Sur le côté Est, on découvre une scène intriguante. “ A droite, un personnage barbu est vêtu d’une longue robe aux plis droits, retenue à la taille par une corde. Debout, il supporte d’une main une pancarte rectangulaire. A gauche, à ses pieds, gisent cinq têtes humaines ”. André Guy avance l’hypothèse selon laquelle il s’agirait de saint Joseph qui, déjouant les prescriptions d’Hérode, sauva Jésus du massacre des Innocents, ici figurés par les têtes. L’emplacement suivant est occupé par le saint local, Patrocle, dans une scène reproduite sur une gravure de pèlerin : le saint est en train d’exorciser une femme possédée. A ces pieds, repose un animal que l’on serait tenté de considérer comme une biche, eu égard à la légende. Marie-Madeleine complète cette face.
Sur le côté Nord, , figure un “ personnage barbu, couronné qui est assis supportant de sa main gauche, un livre ouvert dans lequel il paraît écrire de sa main droite. Devant lui, trois arbres occupent le centre et la partie droite de la scène. Certains y voient Saint Louis sous son chêne, d’autres le Roi David, composant ses psaumes à l’abri de la forêt ”. Surplombant cette scène, saint Pierre et saint Michel se distinguent avec plus ou moins de netteté.
Sur le côté ouest, on reconnaît saint Jean-Baptiste et l’ermite saint Antoine, patron du donateur. L’ultime scène de cette face est si détériorée que l’on ne peut pas se prononcer quant à sa signification.

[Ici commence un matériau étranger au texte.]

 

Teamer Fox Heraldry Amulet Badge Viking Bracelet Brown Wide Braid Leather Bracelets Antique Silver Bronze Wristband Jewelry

Outre cette croix remarquable, Colombier accueille en son sein d’autres croix qui méritent le détour. A commencer par la jolie croix du village du Mont qui est taillée dans un seul bloc de grès.

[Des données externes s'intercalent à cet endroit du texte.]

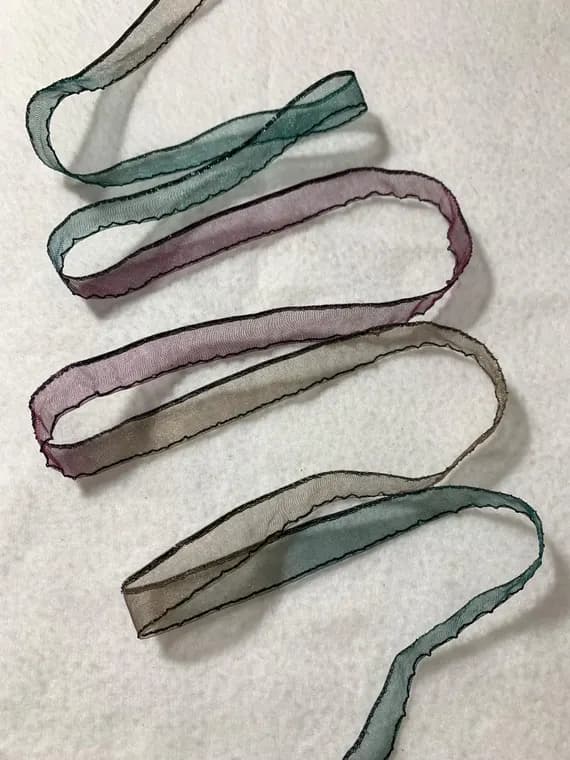 forest none - Vintage French Ombre Sparkling Organdy Ribbon Purple & Forest (COCO) 9/16" - 2 Yards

La croix du cimetière occupe aujourd’hui le sommet du monument aux morts et on y voit la Vierge et saint Jean, entourant le Christ souffrant.

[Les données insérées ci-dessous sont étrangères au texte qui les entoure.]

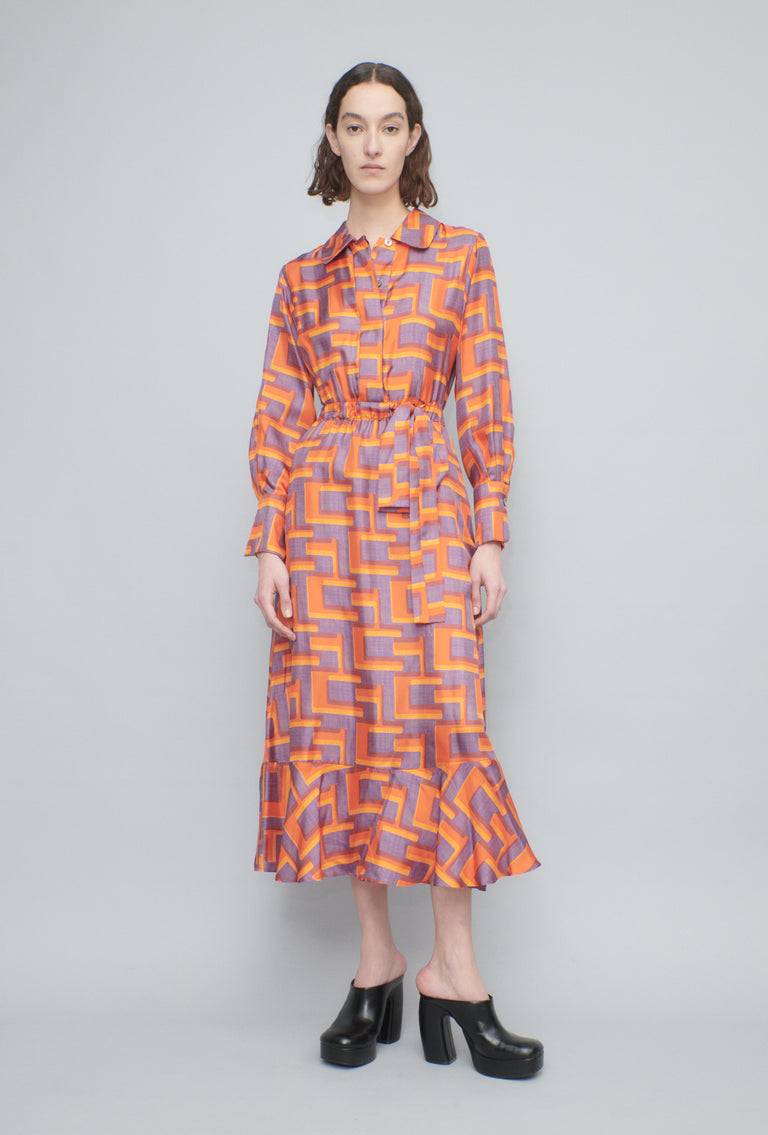 Odeeh Pop Art Maze Kleid, Glowing Orange Versandkostenfrei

A noter également la croix de la fontaine de Patrocle, refaite en 1946 et qui repose sur une base rectangulaire portant jadis la date de 1752.
En haut du bourg, se trouve une croix magnifique qui est un don de Messire Antoine Trésorier, datant de 1529. “ Sur la moulure supérieure du bahut, on remarque un squelette sculpté en relief , la tête à l’ouest, les pieds à l’Est ”. Sur l’autre face, on reconnaît à la roue brisée sainte Catherine, dont il ne reste plus grand chose. Ce monument a été inscrit à l’inventaire des Monuments Historiques, en 1931.